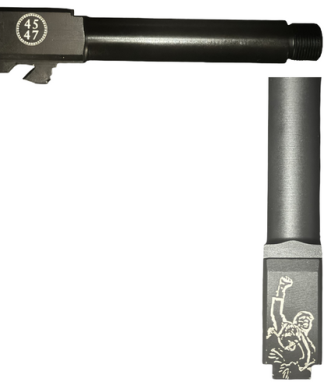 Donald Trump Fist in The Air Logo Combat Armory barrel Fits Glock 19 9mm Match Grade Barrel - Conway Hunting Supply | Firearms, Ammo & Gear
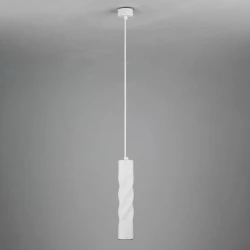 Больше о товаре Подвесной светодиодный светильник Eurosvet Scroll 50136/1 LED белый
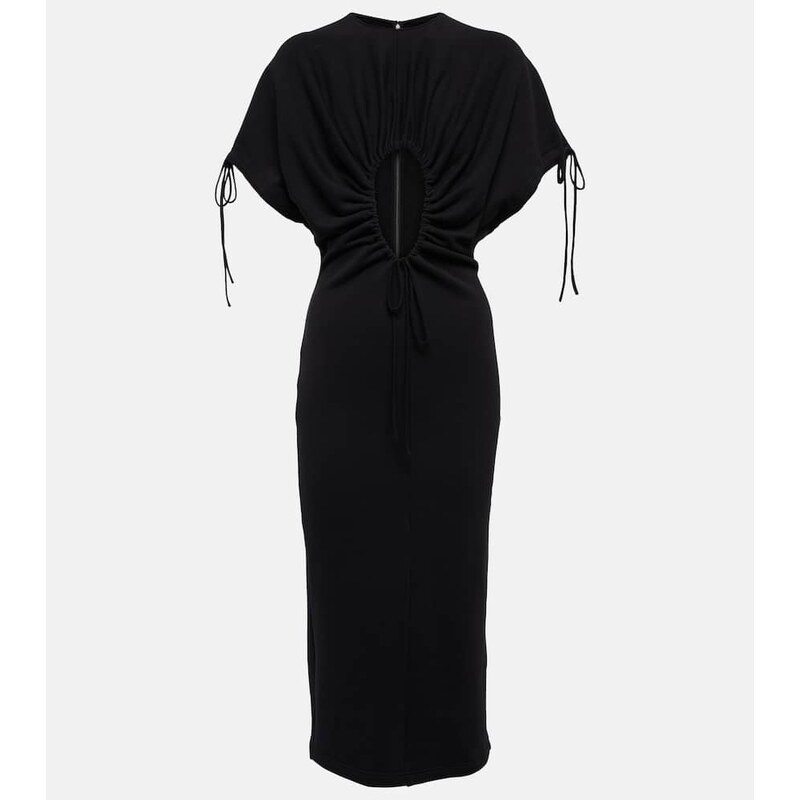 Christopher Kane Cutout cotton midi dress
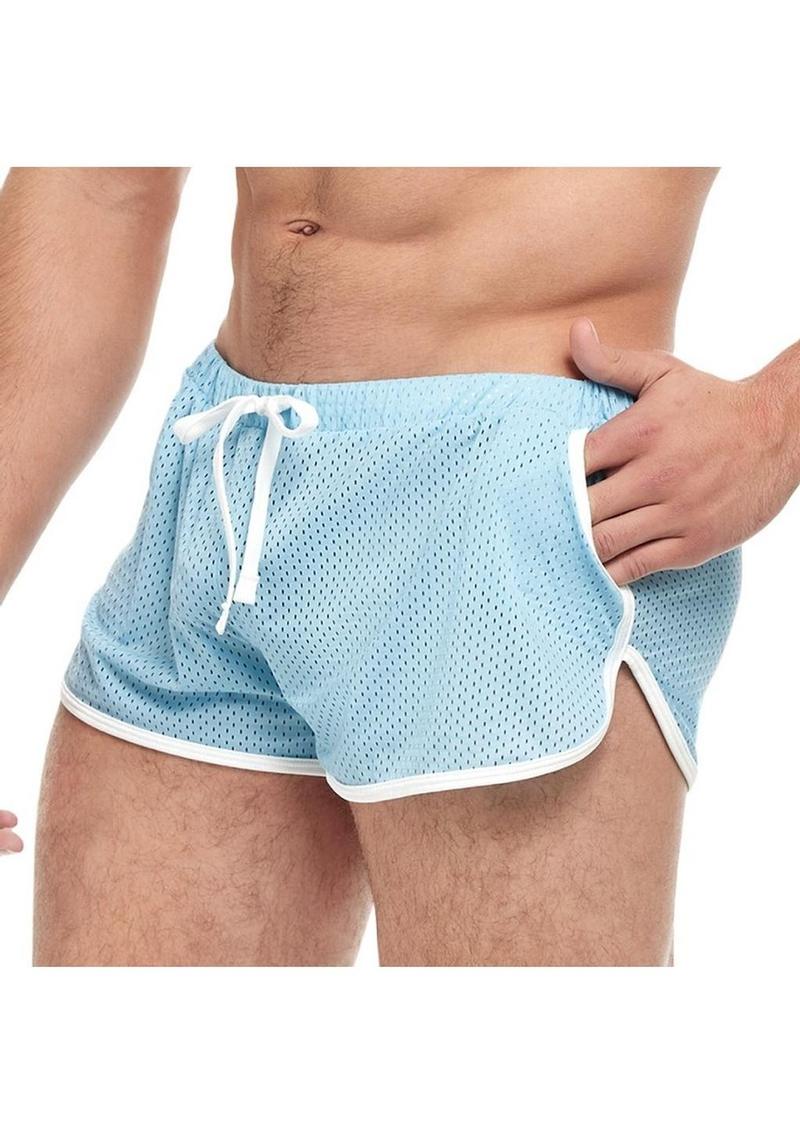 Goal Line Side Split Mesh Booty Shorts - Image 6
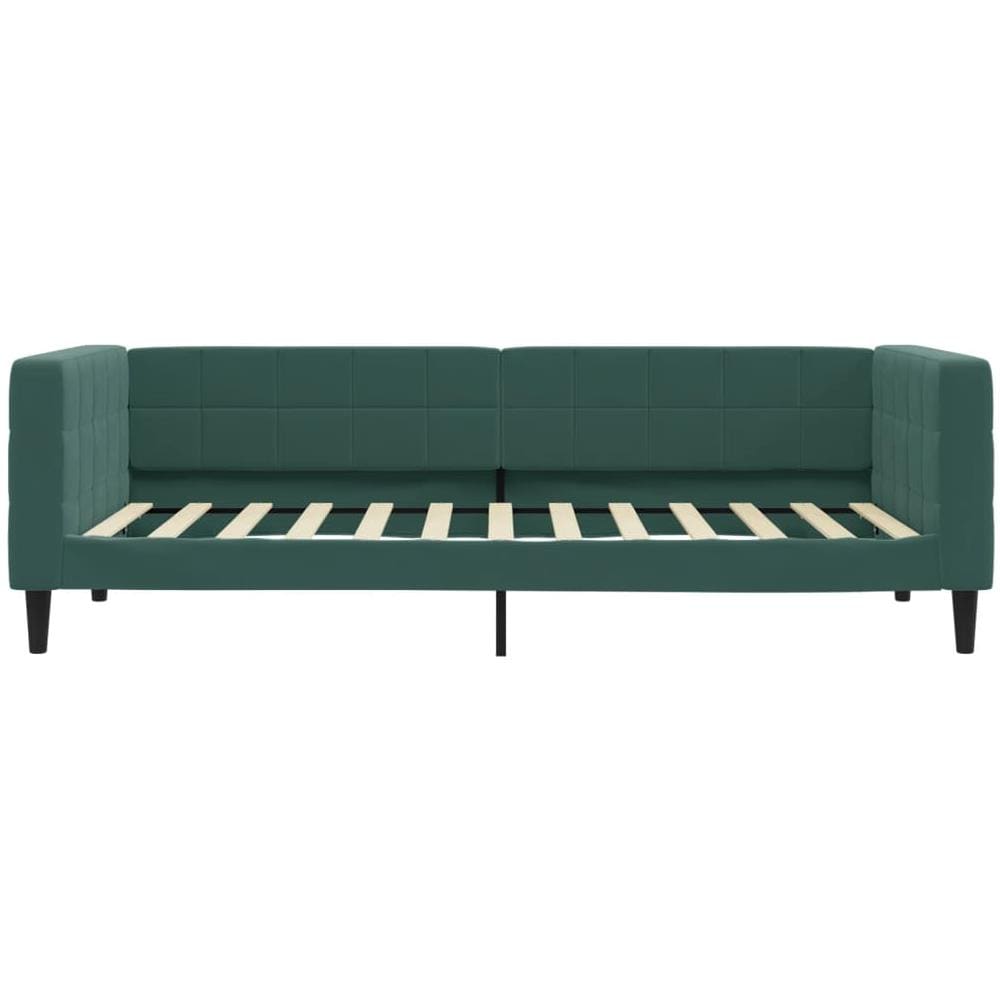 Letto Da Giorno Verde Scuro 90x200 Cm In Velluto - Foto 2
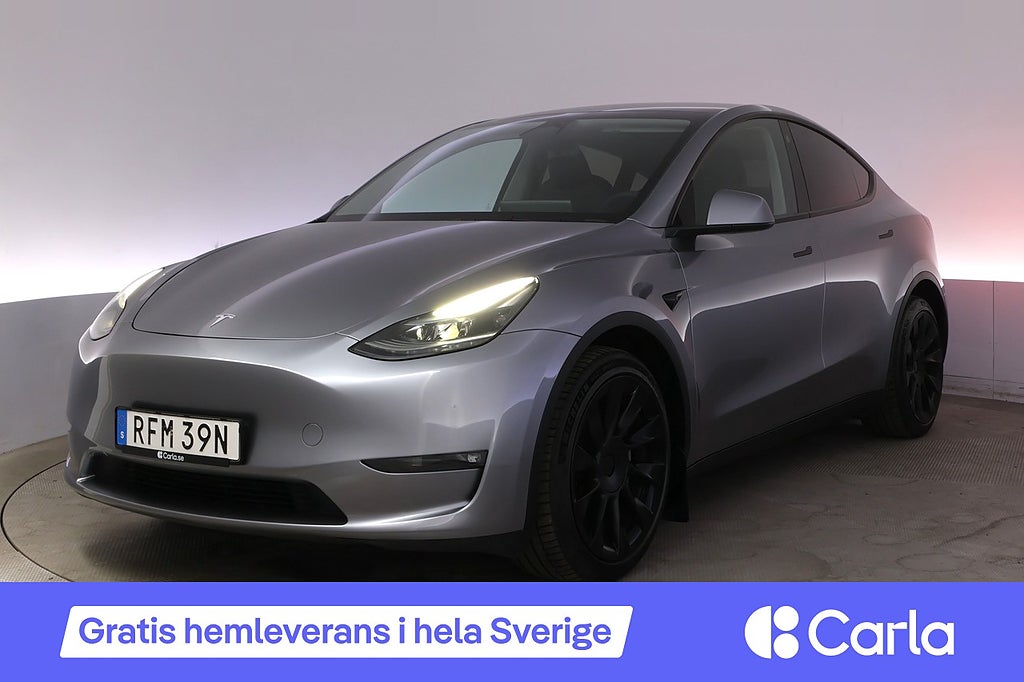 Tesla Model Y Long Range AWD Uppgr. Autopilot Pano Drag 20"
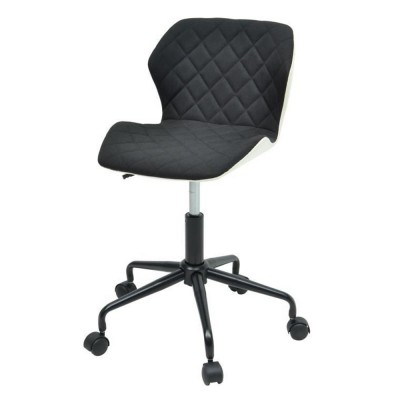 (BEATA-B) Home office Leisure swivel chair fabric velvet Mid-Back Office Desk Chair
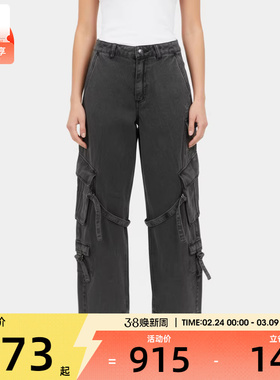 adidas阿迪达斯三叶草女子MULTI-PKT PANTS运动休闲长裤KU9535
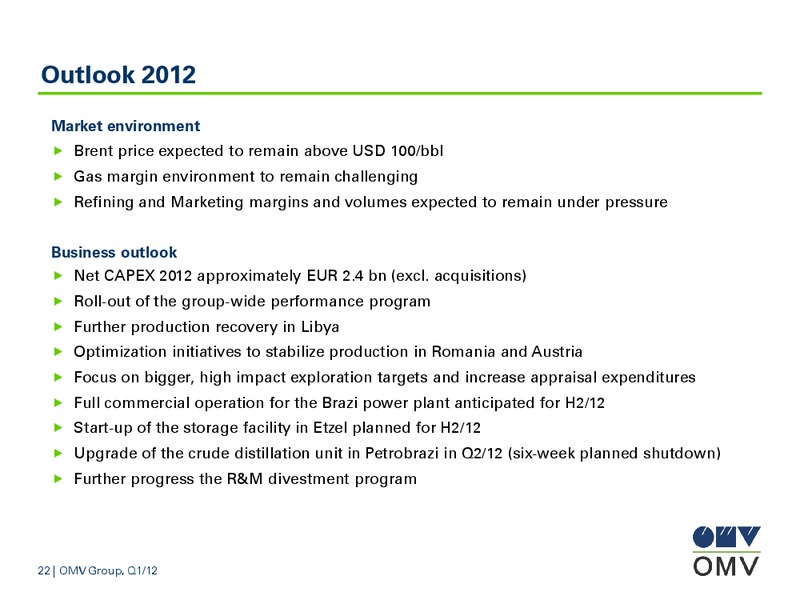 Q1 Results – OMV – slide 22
•••••
**TASK GOAL**
Reproduce precisely the lines of the entries above, from the one containing "adidas阿迪达斯三叶草女" through the final one, both ends included, and omit the pictures.

**RESULT OF THIS TASK**
 adidas阿迪达斯三叶草女子MULTI-PKT PANTS运动休闲长裤KU9535
 Q1 Results – OMV – slide 22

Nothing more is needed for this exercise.